Oct 3, 2018 in Economics

John Keynes, a British economist, developed several concepts that have had a considerable influence on economics. His concept concerning investment and saving depicts two scenarios. In the first instance, if the investment exceeds savings, inflation will occur. The other case is the occurrence of recession due to savings exceeding investments, as people would spend less and cause a decrease in aggregate demand. In this regard, firms would minimize their investments due to the declining demand. His concepts opposed the view that investment primarily depended on the interest rate, and instead advocated for investors and lending institutions to undertake investment for profitability purposes (Eatwell & Milgate, 2011). Keynes perception was that uncertainty, and not risks determine investment. In his liquidity preference theory of interest, Keynes considers that the prevailing demand for money and its supply in the market determines the interest rate. The intersection of the supply and the demand for money provides the interest rate. Keynes postulates that there exists a correlation between the level of income and the demand for money. An increase in income levels results in the rise in the demand for money. In addition, Keynes established the relationship between the rate of interest and the demand for money as inverse.

The other concept pertained to the laws of demand and supply. Keynes stipulated that the level of demand determined the level of supply in a market and not the vice versa. If demand rose, firms would embark on more production and employment activities. The reverse situation would lead to reduced output and hence unemployment. Keynes argued that corrective government policies would ensure the mitigation of unemployment and depression (Eatwell & Milgate, 2011). Government spending fills the essentially existing gap in the free economy between savings and investments, which the unemployed people and unsold goods would otherwise fill. The government facilitates continuous consumption through its stimulation undertakings.
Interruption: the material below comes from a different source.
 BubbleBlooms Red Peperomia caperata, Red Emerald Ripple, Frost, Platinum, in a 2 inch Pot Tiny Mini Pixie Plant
Keynes’ other concept concerns employment. According to Keynes, low wages do not directly translate to full employment. Furthermore, workers would be unwilling to take wage cuts, and thus this aspect of market regulation would be ineffective. Unemployment results from reduced spending which cause reduced demand and job losses in a cyclical manner (Wood, 1986). Increased demand and thus employment, will lead to increased spending. This process is a chain reaction that depends on the income spent. Keynes strongly believed in the active government participation in the economy for its success. He proposed that governments should borrow and input more money into the economy to boost demand. His concept provided an alternative to the previously held view that indicated that the only solution to unemployment was wage rate drops (Wood, 1986). Keynes concept considered that supply could exceed demand so that goods remain unsold. In this regard, production and employment would decline. He considered that full employment was impossible in a free market devoid of any influence. He disregarded the long-term classical views stating that with the appropriate policies, the government could realize economic equilibrium of income at any level.
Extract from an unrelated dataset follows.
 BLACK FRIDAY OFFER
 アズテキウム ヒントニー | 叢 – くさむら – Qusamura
Keynesian concepts considerably contributed in the evolution of economics in several ways. He refuted other economist’s ideas such as smith, whose idea stipulated that commerce and trade should be devoid of any form of interference such as tariffs, and that the market should solely regulate itself. Furthermore, he altered Say’s concept regarding demand and supply. Keynes economic concepts created a model that proved crucial in various economic aspects. Other several economists have developed their concepts based on Keynes work. The Keynesian concept that aggregate demand is subject to various economic factors is a key concept in modern economics. Moreover, Keynes’s principles of effective demand significantly explain unemployment and market mechanism. Finally, the influence of Keynes concepts in policymaking is immense.